GR L 14851; (August, 1961) (Digest)
G.R. No. L-14851; August 31, 1961
Intestate Estate of Marcelo de Borja. Dr. Crisanto de Borja, administrator, Juan de Borja, et al., oppositors-appellees, vs. Jose de Borja, administrator of the Testate Estate of Josefa Tangco, third party claimant-oppositor-appellant.
FACTS
A final and executory Supreme Court decision in G.R. No. L-6622 ordered Crisanto de Borja to pay a sum of money to certain judgment creditors, the Borja oppositors. To satisfy this judgment, the sheriff levied upon Crisanto’s “rights, interest or participation as prospective heir” in specific real properties forming part of the estate of the deceased Josefa Tangco, which was under judicial settlement (Special Proceedings No. 7866). Jose de Borja, as administrator of Josefa Tangco’s estate, filed a third-party claim with the sheriff, asserting that the levied properties belonged to an estate in custodia legis and were thus exempt from execution. The sheriff, acting on this claim, required the judgment creditors to post an indemnity bond of P2,500,000. The creditors contested this requirement in court.
ISSUE
The core issues were: (1) whether the interest of an heir in a decedent’s estate under judicial administration can be validly levied upon via a writ of execution; and (2) whether the judgment creditors were required to post an indemnity bond due to the administrator’s third-party claim.
RULING
The Supreme Court affirmed the lower court’s order, ruling the levy was proper and no bond was required. On the first issue, the Court held that the interest of an heir in a pending estate settlement is subject to attachment and execution. This is explicitly permitted under Section 14, Rule 39, in relation to Section 7(f), Rule 59 of the Rules of Court, which allows attachment of “the interest of the defendant in property belonging to the estate of a decedent, whether as heir, legatee, etc.” The Court cited Cook v. Escobar, which established that such rights may be attached, subject to the administration of the estate. The administrator retains control and may still sell properties for estate debts, but the heir’s contingent right of inheritance is a leviable interest. The Court also referenced Gotauco & Co. v. Register of Deeds of Tayabas, which held that a right of participation in an estate, even if its exact value is indeterminable before final liquidation, may be attached and sold.
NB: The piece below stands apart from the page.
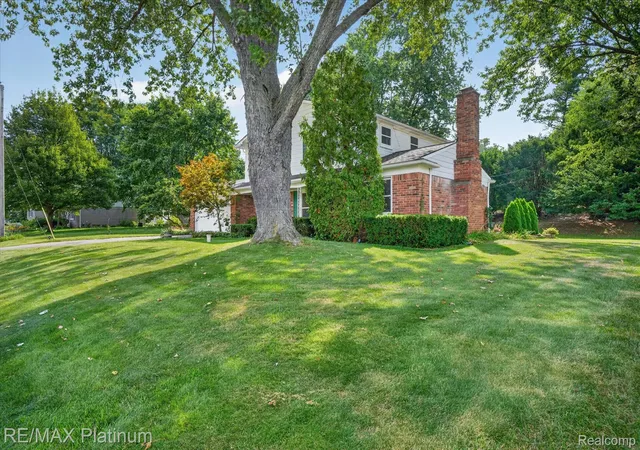 Photo 2 of Single family home for sale at 8719 Sandy Crst Dr, White Lake, MI 48386 | MLS# 20261072286 | Listing updated on 2026-09-12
The Court rejected the administrator’s argument that Crisanto’s status as an heir could not be inquired into in this proceeding. It noted the levy specifically described Crisanto as a “prospective heir” of Josefa Tangco and Francisco de Borja, and since it was undisputed he was their son, this description was accurate. On the second issue, the Court ruled the filing of an indemnity bond was unnecessary because the administrator’s opposition did not constitute a genuine third-party claim. There was no conflict between the attached interest (Crisanto’s prospective share) and the estate’s title, as the levy was expressly made subject to the estate administration. The administrator did not dispute Crisanto’s status as an heir but only challenged the levy’s legality, which the Court found to be valid. Therefore, the sheriff exceeded his authority in demanding the bond.